Dataset extract: Begin

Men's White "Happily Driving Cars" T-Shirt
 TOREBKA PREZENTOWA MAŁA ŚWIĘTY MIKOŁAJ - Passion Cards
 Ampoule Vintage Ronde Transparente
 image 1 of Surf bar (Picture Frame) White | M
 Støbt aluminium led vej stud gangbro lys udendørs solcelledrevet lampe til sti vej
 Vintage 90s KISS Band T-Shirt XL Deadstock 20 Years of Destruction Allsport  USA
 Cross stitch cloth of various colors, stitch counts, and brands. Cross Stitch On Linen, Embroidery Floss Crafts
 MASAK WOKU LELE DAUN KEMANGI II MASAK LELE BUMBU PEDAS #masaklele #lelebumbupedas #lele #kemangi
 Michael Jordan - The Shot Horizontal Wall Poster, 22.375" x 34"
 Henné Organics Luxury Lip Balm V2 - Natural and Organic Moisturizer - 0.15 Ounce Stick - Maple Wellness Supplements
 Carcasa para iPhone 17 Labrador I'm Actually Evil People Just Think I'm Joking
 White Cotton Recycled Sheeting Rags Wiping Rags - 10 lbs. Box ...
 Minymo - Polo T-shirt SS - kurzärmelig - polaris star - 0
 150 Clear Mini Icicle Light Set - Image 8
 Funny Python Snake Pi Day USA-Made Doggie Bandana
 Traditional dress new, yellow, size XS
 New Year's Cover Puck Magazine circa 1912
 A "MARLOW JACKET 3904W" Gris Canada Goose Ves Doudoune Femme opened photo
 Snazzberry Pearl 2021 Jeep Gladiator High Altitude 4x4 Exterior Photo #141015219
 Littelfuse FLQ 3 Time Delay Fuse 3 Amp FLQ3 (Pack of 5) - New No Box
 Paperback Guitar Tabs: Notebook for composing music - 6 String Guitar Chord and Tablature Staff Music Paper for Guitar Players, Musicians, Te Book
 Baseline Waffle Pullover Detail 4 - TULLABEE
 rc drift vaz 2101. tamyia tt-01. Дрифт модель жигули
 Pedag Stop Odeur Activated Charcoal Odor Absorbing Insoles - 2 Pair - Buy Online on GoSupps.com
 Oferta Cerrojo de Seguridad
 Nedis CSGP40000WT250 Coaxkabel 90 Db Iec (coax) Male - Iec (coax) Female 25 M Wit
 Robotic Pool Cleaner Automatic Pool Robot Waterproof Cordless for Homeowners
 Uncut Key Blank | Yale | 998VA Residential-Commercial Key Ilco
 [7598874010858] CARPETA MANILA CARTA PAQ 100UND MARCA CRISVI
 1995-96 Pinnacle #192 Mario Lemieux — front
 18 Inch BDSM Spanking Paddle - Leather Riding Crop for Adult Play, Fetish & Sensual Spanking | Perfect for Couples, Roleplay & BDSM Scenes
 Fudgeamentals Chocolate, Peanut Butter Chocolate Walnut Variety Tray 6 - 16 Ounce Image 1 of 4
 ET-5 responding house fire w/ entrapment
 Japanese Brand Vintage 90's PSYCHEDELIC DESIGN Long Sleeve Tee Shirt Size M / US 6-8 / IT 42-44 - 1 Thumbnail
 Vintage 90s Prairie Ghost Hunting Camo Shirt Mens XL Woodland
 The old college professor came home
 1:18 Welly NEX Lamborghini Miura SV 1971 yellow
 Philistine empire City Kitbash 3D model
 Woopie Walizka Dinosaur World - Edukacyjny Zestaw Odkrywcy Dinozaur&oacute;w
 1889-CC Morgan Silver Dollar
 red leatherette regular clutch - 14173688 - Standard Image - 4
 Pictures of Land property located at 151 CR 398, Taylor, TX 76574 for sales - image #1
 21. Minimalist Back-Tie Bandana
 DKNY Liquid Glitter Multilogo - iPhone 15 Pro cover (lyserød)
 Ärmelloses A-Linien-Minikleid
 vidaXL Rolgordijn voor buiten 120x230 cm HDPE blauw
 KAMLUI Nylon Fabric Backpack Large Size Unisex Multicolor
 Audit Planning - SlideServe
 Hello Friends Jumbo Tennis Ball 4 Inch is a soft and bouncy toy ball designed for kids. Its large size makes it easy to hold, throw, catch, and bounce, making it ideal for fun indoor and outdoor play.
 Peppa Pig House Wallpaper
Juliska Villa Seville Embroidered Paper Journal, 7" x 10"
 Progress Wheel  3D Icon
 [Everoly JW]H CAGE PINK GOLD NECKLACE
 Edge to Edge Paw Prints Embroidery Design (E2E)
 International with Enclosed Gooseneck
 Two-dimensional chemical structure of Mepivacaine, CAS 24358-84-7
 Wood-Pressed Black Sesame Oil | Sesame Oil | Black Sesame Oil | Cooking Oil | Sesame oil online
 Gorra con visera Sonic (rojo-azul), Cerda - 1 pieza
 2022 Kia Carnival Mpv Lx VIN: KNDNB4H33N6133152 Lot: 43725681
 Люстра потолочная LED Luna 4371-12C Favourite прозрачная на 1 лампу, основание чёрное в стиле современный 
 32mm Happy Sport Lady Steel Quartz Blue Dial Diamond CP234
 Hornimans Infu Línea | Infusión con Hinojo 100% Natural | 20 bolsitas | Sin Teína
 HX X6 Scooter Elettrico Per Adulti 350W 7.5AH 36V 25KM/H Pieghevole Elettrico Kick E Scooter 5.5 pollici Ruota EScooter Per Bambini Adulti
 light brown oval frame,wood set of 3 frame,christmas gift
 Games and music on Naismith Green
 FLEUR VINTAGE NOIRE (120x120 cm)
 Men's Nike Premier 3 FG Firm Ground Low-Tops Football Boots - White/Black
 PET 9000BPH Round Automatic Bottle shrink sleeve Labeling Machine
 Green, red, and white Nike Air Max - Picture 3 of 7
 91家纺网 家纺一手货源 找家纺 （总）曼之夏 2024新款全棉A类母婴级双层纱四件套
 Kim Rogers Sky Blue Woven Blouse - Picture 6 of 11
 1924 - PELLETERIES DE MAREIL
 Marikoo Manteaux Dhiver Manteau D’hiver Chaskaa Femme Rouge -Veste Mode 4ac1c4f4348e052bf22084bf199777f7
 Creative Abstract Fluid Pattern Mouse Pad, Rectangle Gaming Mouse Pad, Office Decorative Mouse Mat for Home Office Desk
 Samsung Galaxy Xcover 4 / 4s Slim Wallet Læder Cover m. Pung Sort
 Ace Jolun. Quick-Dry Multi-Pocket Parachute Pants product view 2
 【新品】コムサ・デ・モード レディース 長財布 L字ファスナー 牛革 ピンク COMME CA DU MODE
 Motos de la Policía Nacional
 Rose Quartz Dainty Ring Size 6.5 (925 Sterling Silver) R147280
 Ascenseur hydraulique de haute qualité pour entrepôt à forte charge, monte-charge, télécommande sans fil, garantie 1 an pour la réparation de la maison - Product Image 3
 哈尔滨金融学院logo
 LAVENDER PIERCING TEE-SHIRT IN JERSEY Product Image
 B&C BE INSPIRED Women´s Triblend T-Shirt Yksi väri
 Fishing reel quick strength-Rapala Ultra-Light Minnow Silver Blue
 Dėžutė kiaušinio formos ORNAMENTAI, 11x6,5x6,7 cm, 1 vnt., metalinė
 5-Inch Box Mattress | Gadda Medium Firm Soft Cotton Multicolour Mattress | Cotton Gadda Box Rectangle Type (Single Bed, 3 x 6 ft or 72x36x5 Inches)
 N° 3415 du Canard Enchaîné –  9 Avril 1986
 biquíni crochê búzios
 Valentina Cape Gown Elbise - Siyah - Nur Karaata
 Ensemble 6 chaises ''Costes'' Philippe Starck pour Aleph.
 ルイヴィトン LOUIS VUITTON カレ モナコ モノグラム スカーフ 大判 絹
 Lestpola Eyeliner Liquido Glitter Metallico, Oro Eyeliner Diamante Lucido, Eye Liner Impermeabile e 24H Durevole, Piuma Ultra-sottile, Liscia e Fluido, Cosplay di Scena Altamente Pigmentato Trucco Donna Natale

Dataset extract: End

Action item >> What is the number of lines in these entries that hold "Rectangle"? Reply with the figure alone.

Exercise output >> 2